Chain-of-Thought Summarization: Anthropic summarizes long reasoning traces before serving them, reducing the amount of explicit CoT information available for extraction while preserving answer quality.
Watermarking: Embedding invisible statistical watermarks in model outputs so that if those outputs appear in a competing model's training data, it can be proven cryptographically.
Access Control Hardening: Strengthening identity verification for educational accounts, security research programs, and startup accounts -- the pathways most commonly exploited to set up fraudulent API access.
Intelligence Sharing: Sharing technical indicators (IP clusters, request metadata patterns) with other AI labs, cloud providers, and government authorities.
Model-Level Countermeasures: Developing API and model-level safeguards that degrade the usefulness of model outputs specifically for distillation training, without affecting the experience of legitimate users.

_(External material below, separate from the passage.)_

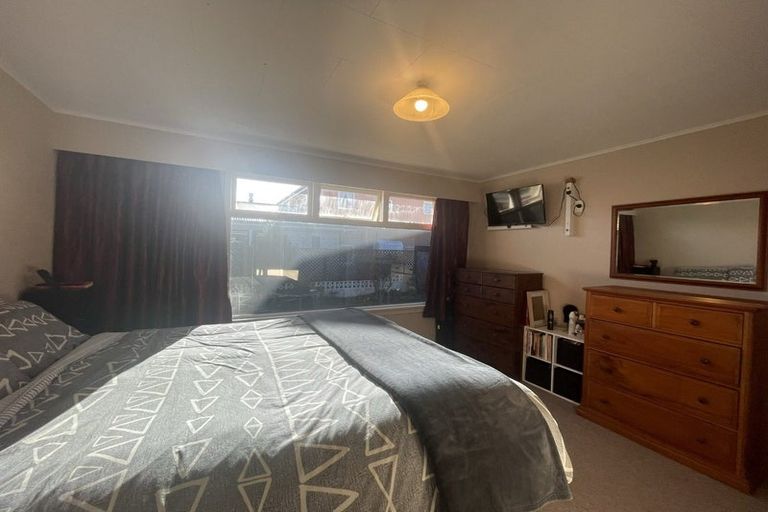 Photo of property in 51 Hillary Street, Winton, 9720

OpenAI has similarly begun training its models to avoid revealing reasoning paths, using classifiers to detect and mask chain-of-thought leakage before it reaches the API response.
THE BIGGER PICTURE
Distillation attacks represent a new category of AI security threat that sits at the intersection of intellectual property law, national security, and AI safety. They are technically sophisticated, economically motivated, and structurally difficult to stop -- because the underlying technique (querying an API and collecting outputs) is identical to normal, legitimate usage.

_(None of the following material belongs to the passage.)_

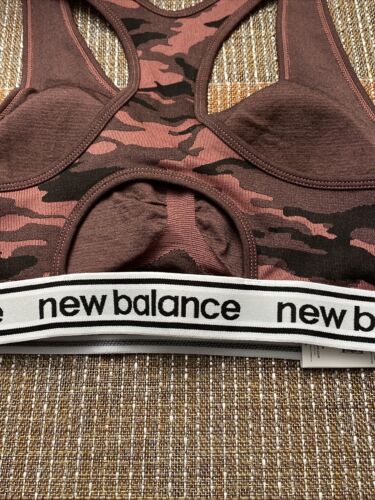 New Balance Medium Impact Sports Bra Camo 116722 Multi/Black/White Size XLARGE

The difference between a user and an attacker isn't the action -- it's the intent, scale, and systematic structure behind that action. Detecting that boundary at API scale, in real-time, across millions of requests, is a genuinely hard problem. The fact that Anthropic caught MiniMax mid-campaign before their model launched suggests the industry is getting better at it -- but the race between extractors and defenders is far from over.
The window to establish norms, technical defenses, and legal frameworks around distillation attacks is narrow and closing fast. As Anthropic put it: addressing this will require rapid, coordinated action among industry players, policymakers, and the global AI community.